Manşet Haber 28.03.2018 19:13:43 0

'NAKİT TEMİNATI KALDIRACAĞIZ'

'NAKİT TEMİNATI KALDIRACAĞIZ'

Adana Ticaret Borsası (ATB) Başkan Adayı Ali Can Yamanyılmaz 3 Nisan’da yapılacak seçimlerin ardından kazanmaları durumunda birçok yenilik getirerek üyelerin işini kolaylaştıracaklarını, bunların başında da nakit teminatını kaldırmak olacağını söyledi.

ATB’nin yeni yönetiminin gelecek hafta belirleneceğini belirten Su ve Tarım Ürünleri A.Ş. (SASU) Yönetim Kurulu Başkanı Ali Can Yamanyılmaz proje üreten bir ekiple yönetime hazır olduklarını ifade etti. Yamanyılmaz, “3 Nisan seçimleri ATB için bir dönüm noktasıdır.

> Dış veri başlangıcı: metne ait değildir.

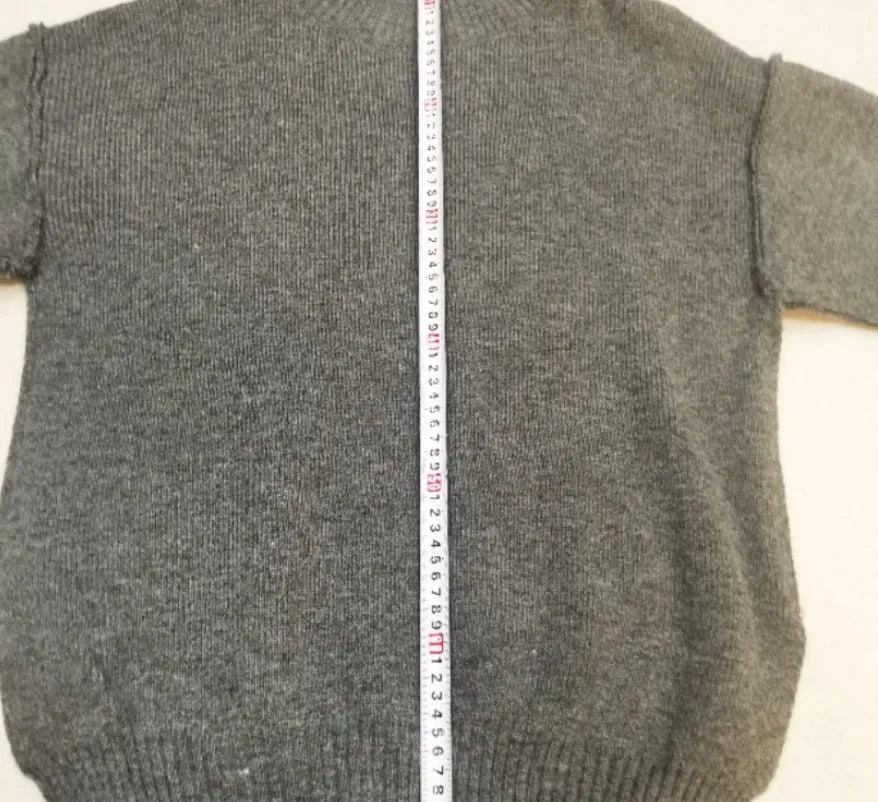 Women's dark grey acrylic knitted sweater with side slits and matching trousers.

Tüccar, ihracatçı, tesis sahibi ve üreticilerin sorunlarını ben ve ekibim çok iyi biliyoruz. Bu yüzden ATB yönetimine aday olduk. Seçimi kazandığımız günün ertesinde yapacağımız çalışmalarla ATB’yi olması gereken yere taşıyacağız” dedi.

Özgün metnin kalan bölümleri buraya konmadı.